Fue la suya una generación que tuvo por liza el retorno a lo figurativo desde un sentido de compromiso social y político, corrosivo y ruptura totalmente distante a de los genios del nacionalismo mexicano, con el zapotlense José Clemente Orozco a la cabeza, y sin empacho de retornar a la esencia del oficio como en los tiempos gremiales y comunitarios al grado de firmar en colectivo sus obras.
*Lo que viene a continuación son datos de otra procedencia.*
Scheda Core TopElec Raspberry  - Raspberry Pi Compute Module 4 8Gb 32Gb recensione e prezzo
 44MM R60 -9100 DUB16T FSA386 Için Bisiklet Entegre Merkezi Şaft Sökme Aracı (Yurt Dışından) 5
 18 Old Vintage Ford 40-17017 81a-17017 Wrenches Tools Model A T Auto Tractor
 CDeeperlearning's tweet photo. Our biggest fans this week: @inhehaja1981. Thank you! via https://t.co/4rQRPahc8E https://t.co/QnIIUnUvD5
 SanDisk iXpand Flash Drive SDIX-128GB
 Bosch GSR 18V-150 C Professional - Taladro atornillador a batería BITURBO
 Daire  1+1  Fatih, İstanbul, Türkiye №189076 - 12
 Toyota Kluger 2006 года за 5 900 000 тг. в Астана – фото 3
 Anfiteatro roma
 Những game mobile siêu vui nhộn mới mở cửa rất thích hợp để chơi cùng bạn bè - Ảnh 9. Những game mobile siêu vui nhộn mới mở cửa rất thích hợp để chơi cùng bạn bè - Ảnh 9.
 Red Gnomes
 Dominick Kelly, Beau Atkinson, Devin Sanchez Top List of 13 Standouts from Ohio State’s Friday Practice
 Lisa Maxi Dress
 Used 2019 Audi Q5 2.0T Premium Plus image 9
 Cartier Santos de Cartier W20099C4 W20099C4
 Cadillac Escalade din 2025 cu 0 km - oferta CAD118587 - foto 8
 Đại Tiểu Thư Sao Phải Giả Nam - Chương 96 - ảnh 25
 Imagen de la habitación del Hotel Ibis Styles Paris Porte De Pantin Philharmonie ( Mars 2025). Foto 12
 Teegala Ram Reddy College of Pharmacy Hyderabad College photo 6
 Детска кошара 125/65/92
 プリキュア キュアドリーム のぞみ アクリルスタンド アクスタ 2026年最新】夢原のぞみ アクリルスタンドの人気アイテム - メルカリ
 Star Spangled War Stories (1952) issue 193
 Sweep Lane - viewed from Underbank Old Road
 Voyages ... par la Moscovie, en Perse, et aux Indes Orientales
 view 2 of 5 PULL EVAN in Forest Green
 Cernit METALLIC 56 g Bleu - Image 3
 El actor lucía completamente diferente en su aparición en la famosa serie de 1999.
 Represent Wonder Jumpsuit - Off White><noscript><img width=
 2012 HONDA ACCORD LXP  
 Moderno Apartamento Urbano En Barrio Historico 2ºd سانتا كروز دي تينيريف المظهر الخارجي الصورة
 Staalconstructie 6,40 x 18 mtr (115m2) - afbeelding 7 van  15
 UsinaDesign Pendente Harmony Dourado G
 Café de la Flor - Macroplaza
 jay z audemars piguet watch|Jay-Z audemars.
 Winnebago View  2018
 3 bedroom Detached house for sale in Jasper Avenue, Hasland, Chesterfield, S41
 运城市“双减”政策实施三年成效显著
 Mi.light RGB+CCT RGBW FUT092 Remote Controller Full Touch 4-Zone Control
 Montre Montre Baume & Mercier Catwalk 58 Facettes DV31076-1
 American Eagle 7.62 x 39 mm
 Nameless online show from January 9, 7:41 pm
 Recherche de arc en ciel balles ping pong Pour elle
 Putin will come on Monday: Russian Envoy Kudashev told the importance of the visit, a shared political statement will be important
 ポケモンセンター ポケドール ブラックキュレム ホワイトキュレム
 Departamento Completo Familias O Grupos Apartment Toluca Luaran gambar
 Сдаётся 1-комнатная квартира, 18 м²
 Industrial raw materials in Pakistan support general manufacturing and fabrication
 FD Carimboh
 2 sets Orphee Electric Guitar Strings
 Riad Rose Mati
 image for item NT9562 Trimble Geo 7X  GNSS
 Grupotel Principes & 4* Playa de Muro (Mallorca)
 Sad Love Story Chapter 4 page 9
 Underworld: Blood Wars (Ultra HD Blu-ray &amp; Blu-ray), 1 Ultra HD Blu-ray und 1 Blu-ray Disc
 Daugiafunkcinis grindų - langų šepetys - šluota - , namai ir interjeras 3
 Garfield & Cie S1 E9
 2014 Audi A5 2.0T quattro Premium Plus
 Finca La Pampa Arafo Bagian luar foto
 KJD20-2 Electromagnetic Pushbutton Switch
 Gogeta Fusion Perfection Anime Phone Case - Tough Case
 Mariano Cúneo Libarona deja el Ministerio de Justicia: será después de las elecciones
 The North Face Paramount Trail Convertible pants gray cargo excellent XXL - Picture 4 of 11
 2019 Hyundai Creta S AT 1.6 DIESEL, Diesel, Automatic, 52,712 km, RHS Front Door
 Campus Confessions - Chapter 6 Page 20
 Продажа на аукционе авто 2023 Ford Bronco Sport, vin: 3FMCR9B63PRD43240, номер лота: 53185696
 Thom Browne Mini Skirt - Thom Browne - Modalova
Y fue para ella la ocasión de dejarse cautivar por lo más bello y sublime del amor a la humanidad y la vida desde la negación absoluta de estos términos como concepto.
En efecto, sin engancharse en el arte existencialista a lo Francis Bacon ni del crudo realismo al modo de Lucien Freud, Martha se sirvió de los modelos más periféricos y vulnerables no tanto para retratarlos como para mostrar en grado superlativo la compasión llevada al paroxismo por los excluidos, los marginados, los que fallecieron de forma trágica y hasta sin datos de su identidad.
Vivió su vida a tope y hasta las heces el dolor y el sufrimiento propio y ajeno pero desde su esencia femenina y hasta maternal, no deseosa de la aprobación de nadie, salvo de sí misma, pero siempre atenta al otro.
Con su muerte nos deja una obra que necesitamos reconocer como un augurio de lo que ya está aquí, la trivialización de lo más noble y delicado como preludio del vacío, de la crueldad y de la nada. ¡Descansa en paz, expedicionaria enorme del infinito y de la trascendencia!